* YOUR INSTRUCTIONS *
Output each entry verbatim.

* EXCERPTED DATA *
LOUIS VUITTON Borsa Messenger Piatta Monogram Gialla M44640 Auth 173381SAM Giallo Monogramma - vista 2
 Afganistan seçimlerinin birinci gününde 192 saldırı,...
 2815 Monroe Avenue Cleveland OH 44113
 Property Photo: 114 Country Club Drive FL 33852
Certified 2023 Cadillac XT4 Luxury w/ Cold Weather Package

* SOLUTION *
LOUIS VUITTON Borsa Messenger Piatta Monogram Gialla M44640 Auth 173381SAM Giallo Monogramma - vista 2
 Afganistan seçimlerinin birinci gününde 192 saldırı,...
 2815 Monroe Avenue Cleveland OH 44113
 Property Photo: 114 Country Club Drive FL 33852
Certified 2023 Cadillac XT4 Luxury w/ Cold Weather Package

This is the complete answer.